Here’s what you need to know about running a drip campaign and how drip campaigns can help you re-engage customers, build relationships, and continue growing a qualified audience.

What Is a Drip Campaign?

There are a number of different names for a drip campaign you may have heard already—automated email sending, autoresponders, marketing automation, and drip marketing.

Most drip campaigns happen through email automation software, making setting up the “drip” campaign itself a pretty simple process.

But what is a drip? It’s that annoying droplet of water that drips out of your tap in the middle of the night. It’s small enough to notice and big enough that you need to take action.

An email drip campaign is similar. It’s simply sending out a series of emails, usually based on an action your customer or reader has already taken. You set up a drip campaign so when a trigger event happens, that subscriber or action-taker then receives a series of follow-up emails based on the schedule you’ve set.

These emails are delivered to the person’s inbox without you needing to do anything more. That’s why they’re also called autoresponders or automated email sending. All you do is set up the series of emails, and the email software does the rest.

Drip campaigns are most successful with personalized content. So, ensure the follow-up emails your recipients receive are personal and based on an action they took. For example, if the person clicked on an article or took a quiz, you can follow up with more detailed information about your product and how it can help the person.

When you set up a drip campaign, you get to determine the timing for each follow-up email to be distributed, whether it’s in one day or three days or a week. As you likely know, follow-up is essential to keep a person engaged with you and your brand and to strengthen the connection you’ve begun building with them.

Zapier provides this great image, which is part of a full infographic that demonstrates visually how a drip campaign works.

 

What Are Benefits of Using Drip Campaigns?

In November 2017, Accenture surveyed 8,000 consumers from North America and Europe about “their preferences and expectations when it comes to interacting with brands, retailers, and service providers.” What the survey found was “91% of consumers are more likely to shop with brands that recognize, remember and provide relevant offers and recommendations.”

A key benefit of using a drip campaign is recognizing and remembering the person who has engaged with you. Engaging site visitors or email subscribers using drip campaigns allows you to provide relevant offers and recommendations, otherwise known as information based on triggers, to the person. Those trigger events personalize the experience for the person even more.

A drip campaign can help you engage subscribers who haven’t engaged with your content for a while.

Using drip campaigns saves you time. Yes, that’s right, time. Why? Because rather than taking time to compose an email, finding your email list or email addresses, and making sure you’re sending the correct email to the right person — a drip campaign does all that for you, for only the time it takes to set up and write the email sequence. That’s worth it.

Another benefit is that all your new potential customers will receive the same messaging from you once they take action. Why? Because once you’ve set up a drip campaign when the trigger event occurs, a person will receive a sequence of emails, just the same as everyone else who’s taken the same action or engaged with your business in the same way.

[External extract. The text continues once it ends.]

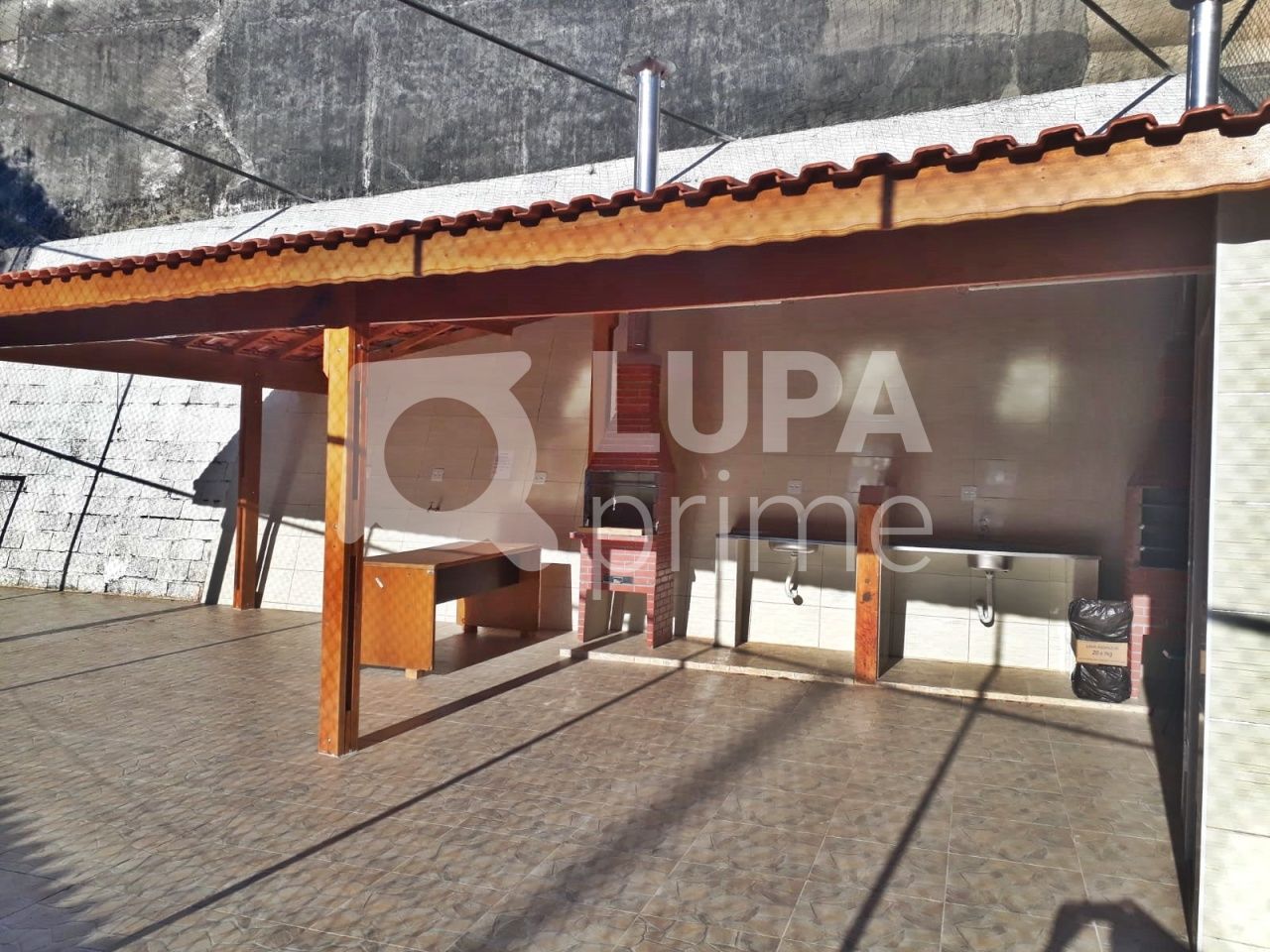 apartamento-venda-sao-paulo-vila-gustavo-2dormitorios-1vaga-70m2-LM21760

That means you’re no longer trying to remember whether you sent a person an introductory email or delivered specific content instructions. That all happens as part of your automation sequence.

The other significant benefit of using a drip campaign is that you’re continuing, through small and steady pieces of content, the reinforcement of that valuable relationship with either a potential or existing customer.

Things Drip Campaigns Can Help With…

  • Reward valuable customers by providing them with additional material or special offers for a period after the first purchase from you.
  • Send specific information to someone who engages with just one page of your website. For example, the person may be looking at one particular topic or product, and you can engage more on that (and only that) specific topic.
  • Deliver registration material when someone has signed up for a webinar, event or training course.
  • Follow up on a customer who hasn’t bought a product or attended an event in a while.
  • Restart your relationship by delivering valuable material people might find helpful based on past interactions with you.
  • Send updated information on a topic the person may have been interested in previously.
  • Educate users on a specific topic.
  • Segment your audience even further to make personalizing your conversation even more effortless.
  • Gain a better understanding whether one type of content works better for a segment of subscribers than other content.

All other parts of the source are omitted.